====== DATA FOR PROCESSING
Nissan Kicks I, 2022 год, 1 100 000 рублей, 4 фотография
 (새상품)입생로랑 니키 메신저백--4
============
====== DATA FOR PROCESSING
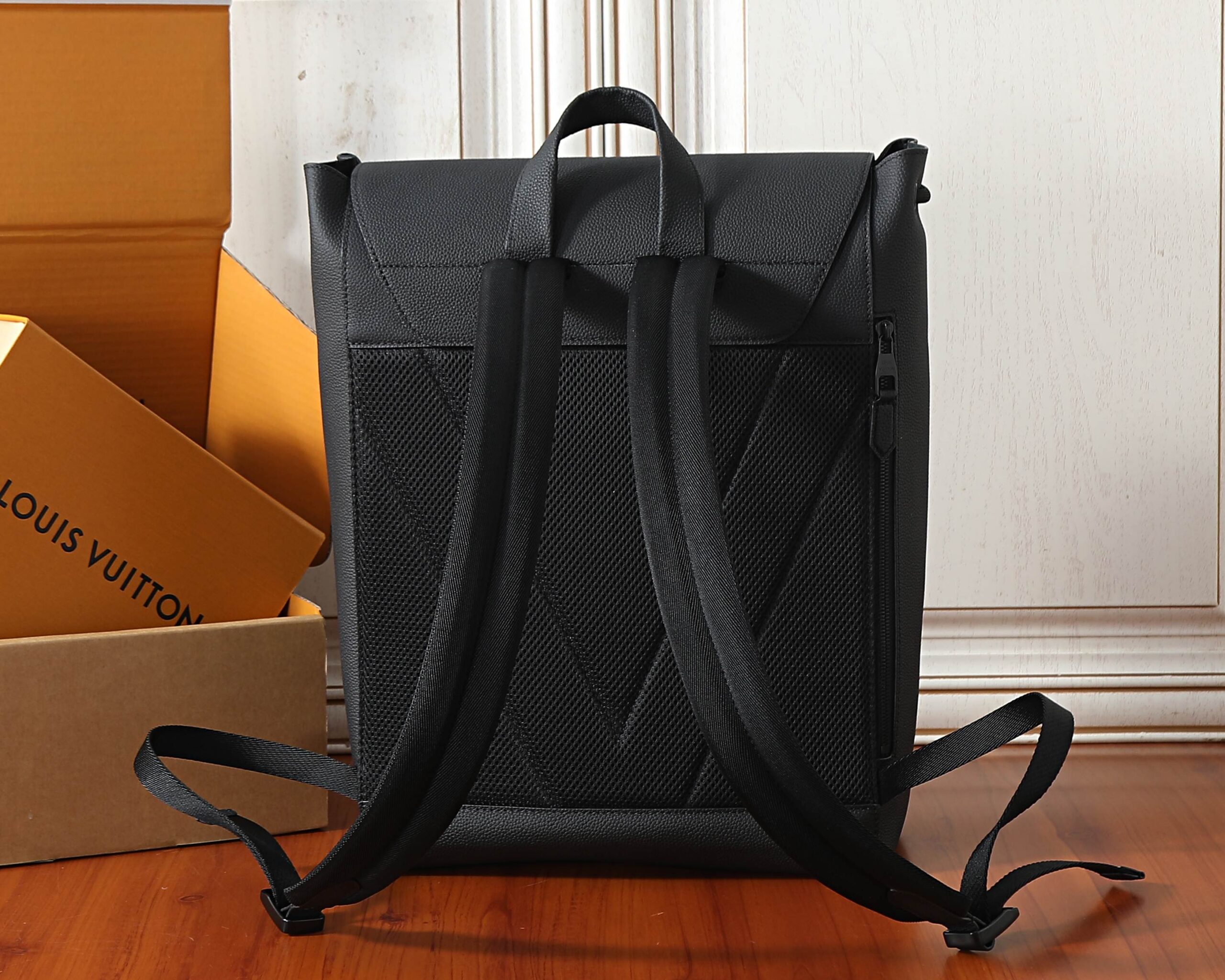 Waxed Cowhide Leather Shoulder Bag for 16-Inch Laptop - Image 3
============
§ DESCRIPTION OF THE TASK
What you give back should be only the lines of the records above, starting at the line with "Nissan Kicks I, 2022" and ending at the line with "(새상품)입생로랑 니키 메신저백--4", restated word for word.

§ ANSWER BOX
Nissan Kicks I, 2022 год, 1 100 000 рублей, 4 фотография
 (새상품)입생로랑 니키 메신저백--4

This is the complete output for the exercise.